> _Exercise_
Pull out every line with the word "online" from the entries below.
══ Provided information ══
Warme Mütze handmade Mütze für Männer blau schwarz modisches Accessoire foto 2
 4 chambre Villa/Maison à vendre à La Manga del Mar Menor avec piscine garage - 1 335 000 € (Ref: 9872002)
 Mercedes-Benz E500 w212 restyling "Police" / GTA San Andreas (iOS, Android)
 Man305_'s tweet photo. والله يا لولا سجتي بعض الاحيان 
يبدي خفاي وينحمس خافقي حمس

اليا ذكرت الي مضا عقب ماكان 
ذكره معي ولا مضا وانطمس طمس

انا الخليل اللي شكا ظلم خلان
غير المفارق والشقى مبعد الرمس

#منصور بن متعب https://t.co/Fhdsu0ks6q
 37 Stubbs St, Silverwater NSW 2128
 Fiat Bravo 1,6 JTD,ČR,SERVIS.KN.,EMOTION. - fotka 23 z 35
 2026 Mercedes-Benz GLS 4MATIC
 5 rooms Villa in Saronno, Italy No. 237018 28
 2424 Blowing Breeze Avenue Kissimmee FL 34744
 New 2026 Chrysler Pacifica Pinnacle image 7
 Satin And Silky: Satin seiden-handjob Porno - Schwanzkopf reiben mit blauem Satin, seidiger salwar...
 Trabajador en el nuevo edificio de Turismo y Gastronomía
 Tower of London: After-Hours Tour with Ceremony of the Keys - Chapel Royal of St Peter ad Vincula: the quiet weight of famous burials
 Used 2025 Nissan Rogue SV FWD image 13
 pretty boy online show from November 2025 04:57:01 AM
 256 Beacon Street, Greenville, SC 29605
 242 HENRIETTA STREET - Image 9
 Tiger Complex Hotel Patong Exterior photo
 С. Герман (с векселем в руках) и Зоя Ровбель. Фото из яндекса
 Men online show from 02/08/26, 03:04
═══
> _Task result_
 pretty boy online show from November 2025 04:57:01 AM
 Men online show from 02/08/26, 03:04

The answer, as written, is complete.